Input |
----
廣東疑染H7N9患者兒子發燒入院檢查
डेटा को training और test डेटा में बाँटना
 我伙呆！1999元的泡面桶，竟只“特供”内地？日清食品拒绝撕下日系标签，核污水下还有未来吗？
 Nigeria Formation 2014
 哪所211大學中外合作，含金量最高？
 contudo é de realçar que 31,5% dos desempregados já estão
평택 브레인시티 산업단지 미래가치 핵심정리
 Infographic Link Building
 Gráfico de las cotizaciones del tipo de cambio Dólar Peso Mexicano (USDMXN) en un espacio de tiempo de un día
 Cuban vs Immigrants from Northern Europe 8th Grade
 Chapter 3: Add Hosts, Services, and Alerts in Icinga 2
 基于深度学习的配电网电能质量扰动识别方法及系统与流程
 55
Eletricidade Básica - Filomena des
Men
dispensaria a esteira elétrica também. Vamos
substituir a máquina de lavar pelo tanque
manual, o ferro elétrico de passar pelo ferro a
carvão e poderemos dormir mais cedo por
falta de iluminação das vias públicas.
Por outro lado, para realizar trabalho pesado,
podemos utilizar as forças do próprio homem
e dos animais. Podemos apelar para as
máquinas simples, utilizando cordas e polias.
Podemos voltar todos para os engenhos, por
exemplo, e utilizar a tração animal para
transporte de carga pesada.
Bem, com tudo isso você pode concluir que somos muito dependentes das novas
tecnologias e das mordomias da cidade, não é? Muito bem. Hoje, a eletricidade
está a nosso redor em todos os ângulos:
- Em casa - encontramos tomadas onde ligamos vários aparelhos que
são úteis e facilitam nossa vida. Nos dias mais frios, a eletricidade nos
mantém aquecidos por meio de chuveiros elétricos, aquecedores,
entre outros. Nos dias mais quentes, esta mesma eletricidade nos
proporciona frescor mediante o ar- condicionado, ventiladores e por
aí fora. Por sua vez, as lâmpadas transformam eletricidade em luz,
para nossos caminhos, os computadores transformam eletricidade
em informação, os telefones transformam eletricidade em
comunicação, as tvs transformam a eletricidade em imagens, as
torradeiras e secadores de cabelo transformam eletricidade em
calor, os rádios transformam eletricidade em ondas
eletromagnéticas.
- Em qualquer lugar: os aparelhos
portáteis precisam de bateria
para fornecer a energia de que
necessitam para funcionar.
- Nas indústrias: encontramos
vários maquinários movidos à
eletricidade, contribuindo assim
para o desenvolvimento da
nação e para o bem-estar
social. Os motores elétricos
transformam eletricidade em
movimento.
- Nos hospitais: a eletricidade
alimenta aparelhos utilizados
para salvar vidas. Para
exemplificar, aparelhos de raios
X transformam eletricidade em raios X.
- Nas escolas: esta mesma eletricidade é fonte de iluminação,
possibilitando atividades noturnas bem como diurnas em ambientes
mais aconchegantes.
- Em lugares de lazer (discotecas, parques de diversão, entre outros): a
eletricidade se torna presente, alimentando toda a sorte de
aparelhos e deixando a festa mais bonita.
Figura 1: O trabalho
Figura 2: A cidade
----
About this task |
Each line above must be returned exactly as written.

Finished task |
廣東疑染H7N9患者兒子發燒入院檢查
डेटा को training और test डेटा में बाँटना
 我伙呆！1999元的泡面桶，竟只“特供”内地？日清食品拒绝撕下日系标签，核污水下还有未来吗？
 Nigeria Formation 2014
 哪所211大學中外合作，含金量最高？
 contudo é de realçar que 31,5% dos desempregados já estão
평택 브레인시티 산업단지 미래가치 핵심정리
 Infographic Link Building
 Gráfico de las cotizaciones del tipo de cambio Dólar Peso Mexicano (USDMXN) en un espacio de tiempo de un día
 Cuban vs Immigrants from Northern Europe 8th Grade
 Chapter 3: Add Hosts, Services, and Alerts in Icinga 2
 基于深度学习的配电网电能质量扰动识别方法及系统与流程
 55
Eletricidade Básica - Filomena des
Men
dispensaria a esteira elétrica também. Vamos
substituir a máquina de lavar pelo tanque
manual, o ferro elétrico de passar pelo ferro a
carvão e poderemos dormir mais cedo por
falta de iluminação das vias públicas.
Por outro lado, para realizar trabalho pesado,
podemos utilizar as forças do próprio homem
e dos animais. Podemos apelar para as
máquinas simples, utilizando cordas e polias.
Podemos voltar todos para os engenhos, por
exemplo, e utilizar a tração animal para
transporte de carga pesada.
Bem, com tudo isso você pode concluir que somos muito dependentes das novas
tecnologias e das mordomias da cidade, não é? Muito bem. Hoje, a eletricidade
está a nosso redor em todos os ângulos:
- Em casa - encontramos tomadas onde ligamos vários aparelhos que
são úteis e facilitam nossa vida. Nos dias mais frios, a eletricidade nos
mantém aquecidos por meio de chuveiros elétricos, aquecedores,
entre outros. Nos dias mais quentes, esta mesma eletricidade nos
proporciona frescor mediante o ar- condicionado, ventiladores e por
aí fora. Por sua vez, as lâmpadas transformam eletricidade em luz,
para nossos caminhos, os computadores transformam eletricidade
em informação, os telefones transformam eletricidade em
comunicação, as tvs transformam a eletricidade em imagens, as
torradeiras e secadores de cabelo transformam eletricidade em
calor, os rádios transformam eletricidade em ondas
eletromagnéticas.
- Em qualquer lugar: os aparelhos
portáteis precisam de bateria
para fornecer a energia de que
necessitam para funcionar.
- Nas indústrias: encontramos
vários maquinários movidos à
eletricidade, contribuindo assim
para o desenvolvimento da
nação e para o bem-estar
social. Os motores elétricos
transformam eletricidade em
movimento.
- Nos hospitais: a eletricidade
alimenta aparelhos utilizados
para salvar vidas. Para
exemplificar, aparelhos de raios
X transformam eletricidade em raios X.
- Nas escolas: esta mesma eletricidade é fonte de iluminação,
possibilitando atividades noturnas bem como diurnas em ambientes
mais aconchegantes.
- Em lugares de lazer (discotecas, parques de diversão, entre outros): a
eletricidade se torna presente, alimentando toda a sorte de
aparelhos e deixando a festa mais bonita.
Figura 1: O trabalho
Figura 2: A cidade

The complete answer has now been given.